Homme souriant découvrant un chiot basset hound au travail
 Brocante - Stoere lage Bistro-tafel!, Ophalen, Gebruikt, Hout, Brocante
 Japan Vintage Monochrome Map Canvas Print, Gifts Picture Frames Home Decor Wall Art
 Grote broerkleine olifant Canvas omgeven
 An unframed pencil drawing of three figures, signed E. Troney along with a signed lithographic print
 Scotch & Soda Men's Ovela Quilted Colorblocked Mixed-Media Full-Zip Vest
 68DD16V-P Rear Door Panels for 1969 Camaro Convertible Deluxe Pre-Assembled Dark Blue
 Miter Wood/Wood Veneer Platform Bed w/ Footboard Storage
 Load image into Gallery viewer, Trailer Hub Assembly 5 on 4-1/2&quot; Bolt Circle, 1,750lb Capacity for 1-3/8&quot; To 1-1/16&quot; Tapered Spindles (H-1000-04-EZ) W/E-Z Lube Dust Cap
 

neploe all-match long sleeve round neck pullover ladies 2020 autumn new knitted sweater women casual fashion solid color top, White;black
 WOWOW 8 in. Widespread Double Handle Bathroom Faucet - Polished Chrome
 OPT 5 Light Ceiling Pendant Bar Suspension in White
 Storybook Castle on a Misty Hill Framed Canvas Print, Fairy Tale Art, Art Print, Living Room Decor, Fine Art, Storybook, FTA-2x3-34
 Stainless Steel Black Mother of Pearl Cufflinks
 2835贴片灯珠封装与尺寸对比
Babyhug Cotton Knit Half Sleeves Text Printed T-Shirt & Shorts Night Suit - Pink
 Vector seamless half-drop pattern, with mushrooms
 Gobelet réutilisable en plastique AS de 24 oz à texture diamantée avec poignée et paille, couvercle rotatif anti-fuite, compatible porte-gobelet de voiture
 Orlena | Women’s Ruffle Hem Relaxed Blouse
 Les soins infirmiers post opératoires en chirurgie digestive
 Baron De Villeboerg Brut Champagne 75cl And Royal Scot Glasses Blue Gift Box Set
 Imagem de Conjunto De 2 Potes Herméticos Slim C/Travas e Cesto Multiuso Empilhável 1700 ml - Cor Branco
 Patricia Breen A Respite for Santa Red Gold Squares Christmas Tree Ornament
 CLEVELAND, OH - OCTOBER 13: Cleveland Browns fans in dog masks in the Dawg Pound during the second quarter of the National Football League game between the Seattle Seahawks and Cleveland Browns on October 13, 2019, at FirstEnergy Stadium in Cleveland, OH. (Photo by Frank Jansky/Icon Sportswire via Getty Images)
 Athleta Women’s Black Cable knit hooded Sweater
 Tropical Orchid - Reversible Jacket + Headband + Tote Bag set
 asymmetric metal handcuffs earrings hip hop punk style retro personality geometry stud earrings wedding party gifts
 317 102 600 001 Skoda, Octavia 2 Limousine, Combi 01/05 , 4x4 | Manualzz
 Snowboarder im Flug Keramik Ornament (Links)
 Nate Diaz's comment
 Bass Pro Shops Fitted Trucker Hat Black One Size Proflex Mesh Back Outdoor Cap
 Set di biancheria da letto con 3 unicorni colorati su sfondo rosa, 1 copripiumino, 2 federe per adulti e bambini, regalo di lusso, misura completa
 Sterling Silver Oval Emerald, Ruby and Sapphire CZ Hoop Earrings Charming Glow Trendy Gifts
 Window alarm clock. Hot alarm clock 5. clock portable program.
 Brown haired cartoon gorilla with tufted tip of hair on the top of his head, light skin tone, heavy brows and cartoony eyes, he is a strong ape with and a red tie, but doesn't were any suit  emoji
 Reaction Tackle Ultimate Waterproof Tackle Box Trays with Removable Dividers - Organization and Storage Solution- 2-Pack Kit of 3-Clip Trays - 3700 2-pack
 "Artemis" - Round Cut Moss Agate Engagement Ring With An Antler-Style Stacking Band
+ + + + +
### TASK BRIEF
Return, unchanged, the run of lines above that opens with the line containing "asymmetric metal handcuffs" and closes with the line containing "Nate Diaz's comment". Include both.

### SOLUTION BELOW
 asymmetric metal handcuffs earrings hip hop punk style retro personality geometry stud earrings wedding party gifts
 317 102 600 001 Skoda, Octavia 2 Limousine, Combi 01/05 , 4x4 | Manualzz
 Snowboarder im Flug Keramik Ornament (Links)
 Nate Diaz's comment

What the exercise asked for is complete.